Ce sont néanmoins ces projets qui sont, encore une fois, responsables en très grande partie de l’usage des quelque 300 millions de dollars de liquidités additionnels utilisés par Bombardier. Concrètement, des livraisons prévues au troisième trimestre ont dû être reportées au quatrième. Une bonne partie aurait déjà été encaissée durant le mois d’octobre, selon le chef de la direction financière, John Di Bert.

Enfin de l’argent

Mais ce qui semble surtout avoir rassuré les investisseurs, c’est justement la perspective de la fin des déficits de liquidités. Le quatrième trimestre s’annonce historique à cet égard, selon la direction de Bombardier, avec un surplus anticipé d’environ 1,6 milliard.

Le quatrième trimestre est toujours le meilleur de l’entreprise à ce chapitre. La « récolte » habituelle de 900 millions à 1 milliard sera surpassée grâce à une dizaine de livraisons du nouvel avion d’affaires hyperluxueux Global 7500, contre un seul – le tout premier – l’an dernier, et la réception de paiements pour les trains retardataires.

En fin de compte, donc, Bombardier maintient sa projection d’une consommation d’environ 500 millions de dollars pour l’ensemble de l’année 2019. Et, surtout, elle a maintenu jeudi que l’année 2020 se solderait par un surplus.

« Nous croyons que la prévision pour 2019 est atteignable », a jugé jeudi Cameron Doerksen, de la Financière Banque Nationale. 

Mais, plus important, nous voyons les flux de liquidités pour 2020 aller dans le bon sens. En plus de la réduction de son fonds de roulement liée aux contrats de trains, Bombardier va livrer plus de Global 7500 en 2020 et n’aura pas non plus à subir les éléments non récurrents de 300
à 400 millions qui l’ont affectée en 2019.

Cameron Doerksen, de la Financière Banque Nationale 

Vente d’usines à Spirit

Bombardier a également annoncé avoir signé une entente en vue de la vente de ses usines de fabrication de pièces aéronautiques de Belfast, en Irlande du Nord, et de Casablanca, au Maroc, en plus d’un atelier de réparation à Dallas, à l’américaine Spirit AeroSystems.

Celle-ci versera à Bombardier la somme de 500 millions de dollars américains, en plus d’assumer environ 700 millions de dollars de passif, liés notamment aux fonds de pension et à des remboursements d’aide gouvernementale.

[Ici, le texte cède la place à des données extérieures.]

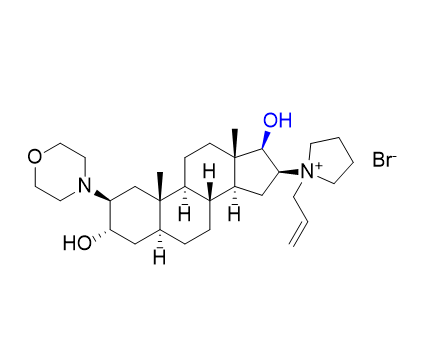 罗库溴铵杂质03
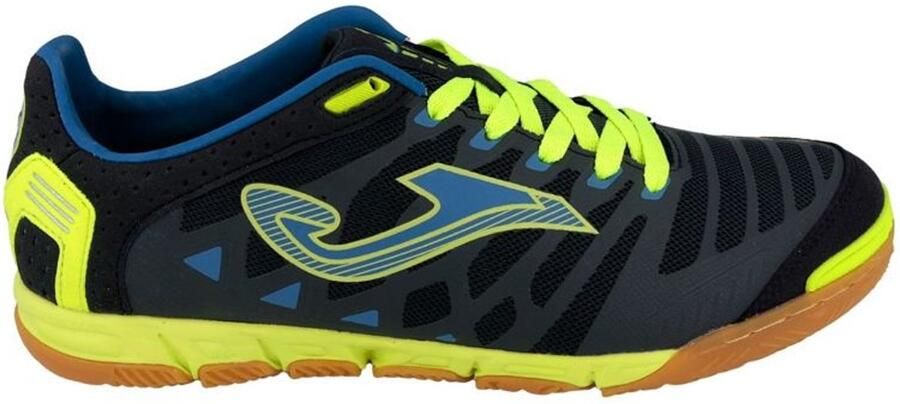 Joma Indoor Super Regate 403 Navy Fluor Sala - Foto 2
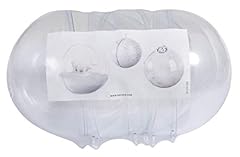 Rayher 39467800 palline usato  Spedito ovunque in Italia 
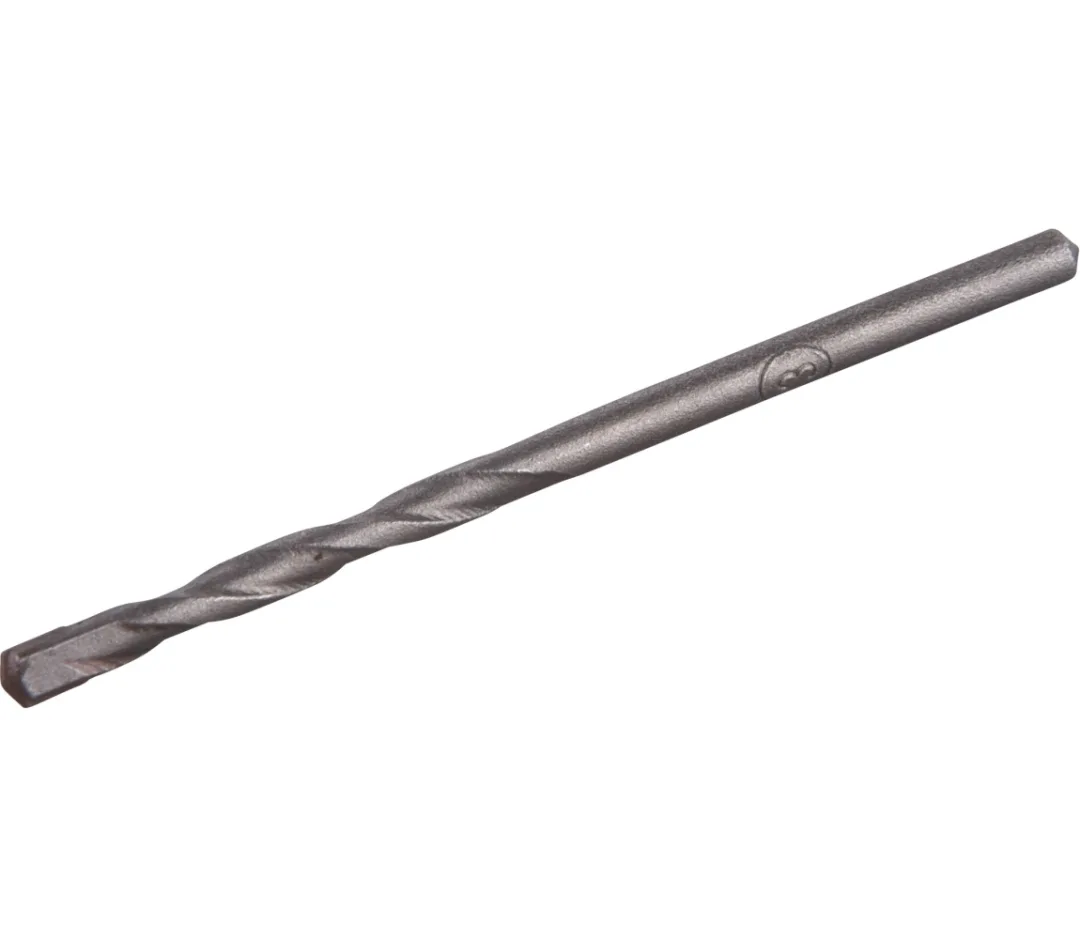 vrták příklepový do betonu, 3x65mm, SK vrták příklepový do betonu, 3x65mm, SK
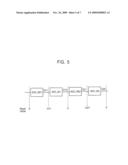 Sigma-delta analog-to-digital converter and solid-state image pickup device diagram and image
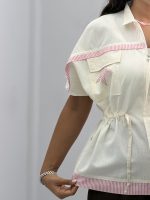 وست زنانه ستاره 010346 - Image 3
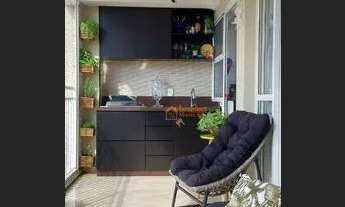 Imagem 6: Apartamento com 3 dormitórios à venda, 72 m² por R$ 571.000,00 - Macedo - Guarulhos/SP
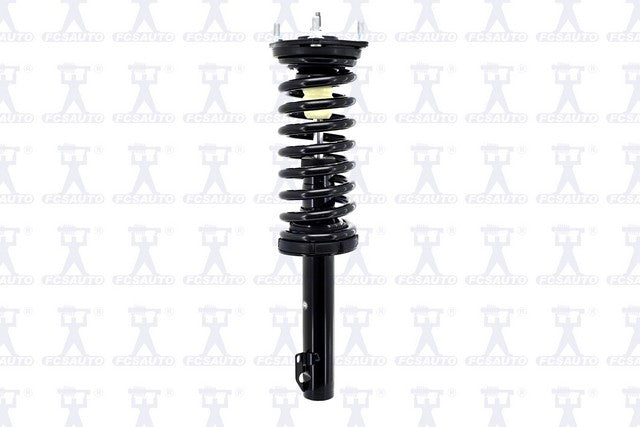 Focus Auto Parts Suspension Strut and Coil Spring Assembly  3335582R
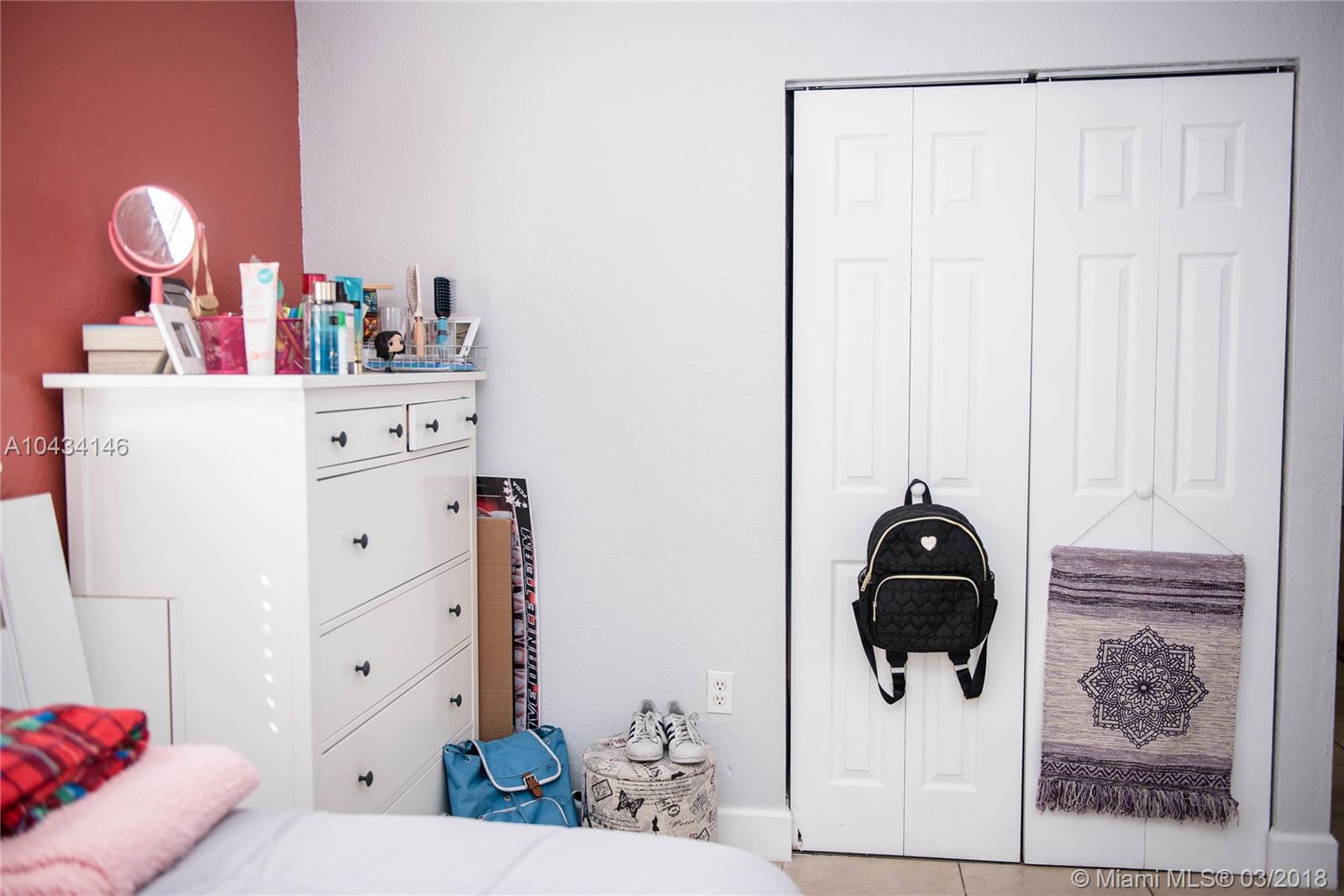 CAROL CITY RED ROAD MANOR - Residential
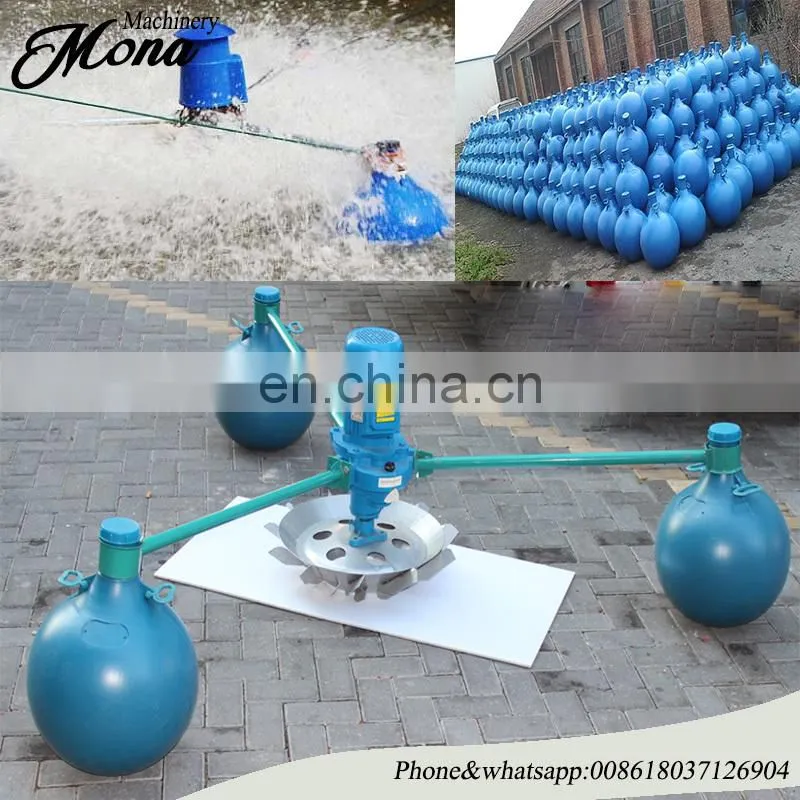 good engineering Fish Ponds Aerators
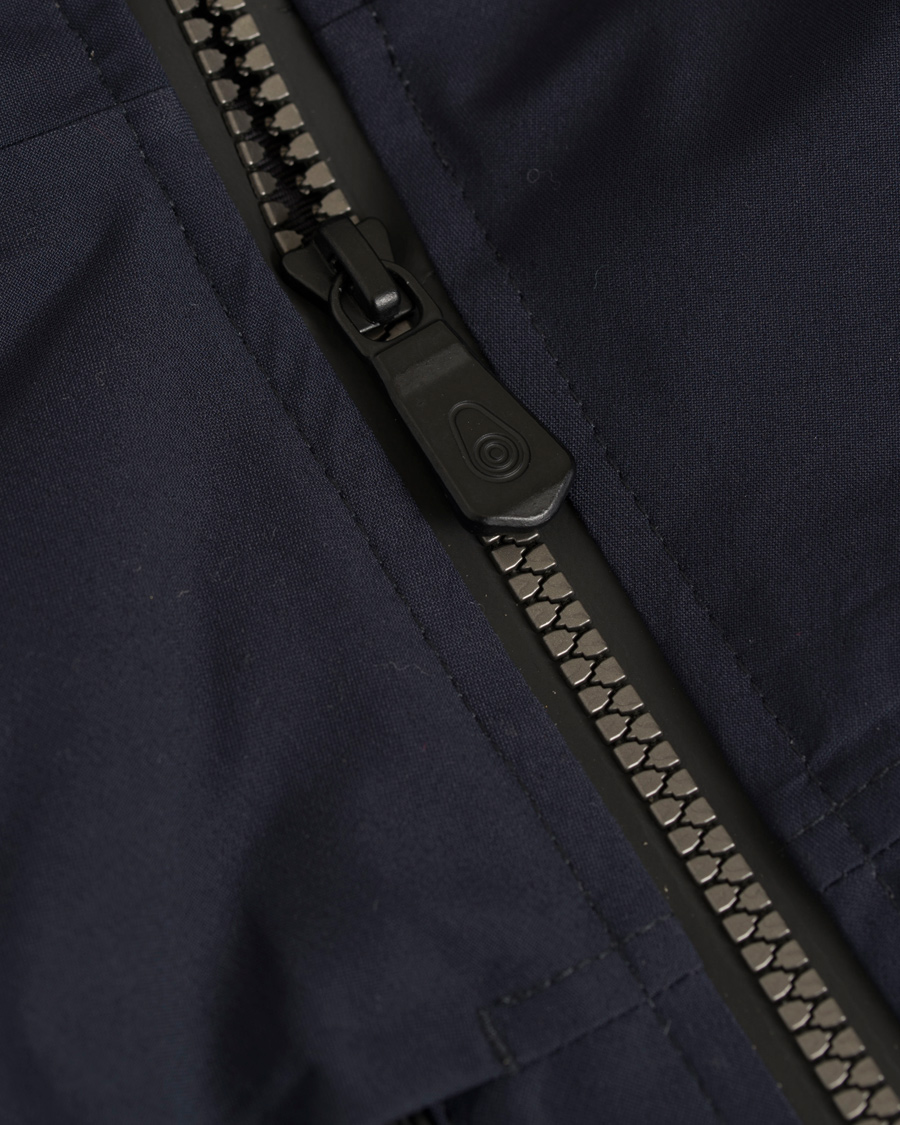 Homme | Manteaux Et Vestes | Sail Racing | Glacier Bay Jacket Navy
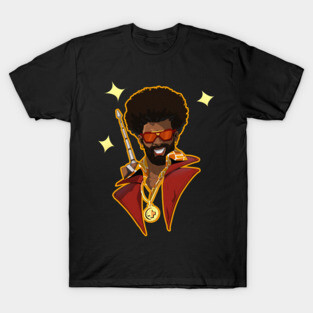 funky baptiste T-Shirt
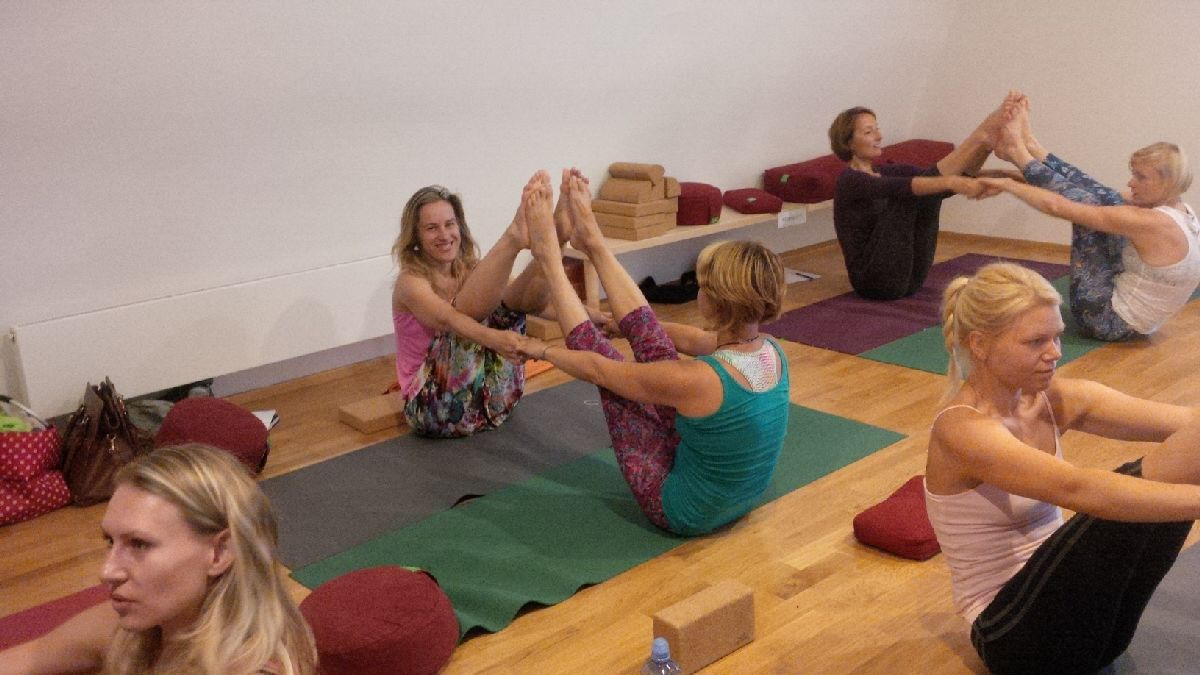 Yogacentrum foto 6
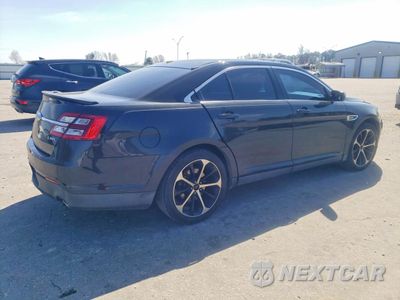 Trzecie zdjęcie samochodu z tyłu: 2014 FORD TAURUS SEL VIN:1FAHP2E8XEG116786 - miniatura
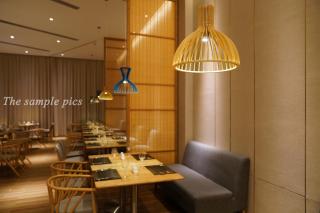 Royce Hotel Shenzhen - 6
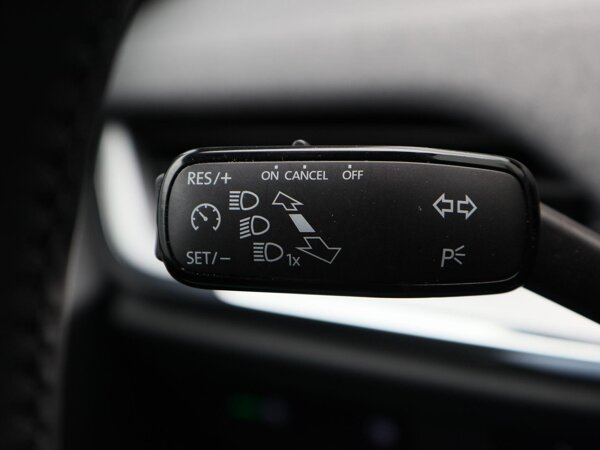 cruise control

Le total de 1,2 milliard de dollars est légèrement supérieur à ce qu’avaient anticipé les analystes. Spirit, qui fabrique notamment les fuselages des 737 MAX de Boeing cloués au sol, cherchait à diversifier sa clientèle. L’acquisition lui permettra de se rapprocher d’Airbus. L’usine de Belfast construit entre autres les ailes de l’A220 et des nacelles pour l’A320.

Ces 500 millions, auxquels devraient s’ajouter 550 millions pour la vente du programme CRJ et les 1,6 milliard prévus au quatrième trimestre, pourraient signifier que Bombardier terminerait l’année 2019 avec des ressources disponibles à court terme d’environ 5 milliards, a calculé Benoit Poirier, de Desjardins.

« Nous estimons que cette amélioration devrait donner à Bombardier un coussin suffisant pour racheter la part de la Caisse de dépôt dans la division Transport au cours de la deuxième moitié de 2020 », ajoute-t-il.

La direction de l’entreprise a par ailleurs décidé de reporter à février prochain, au moment du dévoilement de ses résultats financiers du quatrième trimestre, la publication de ses prévisions pour l’année 2020. L’entreprise diffusait généralement ces prévisions au mois de décembre.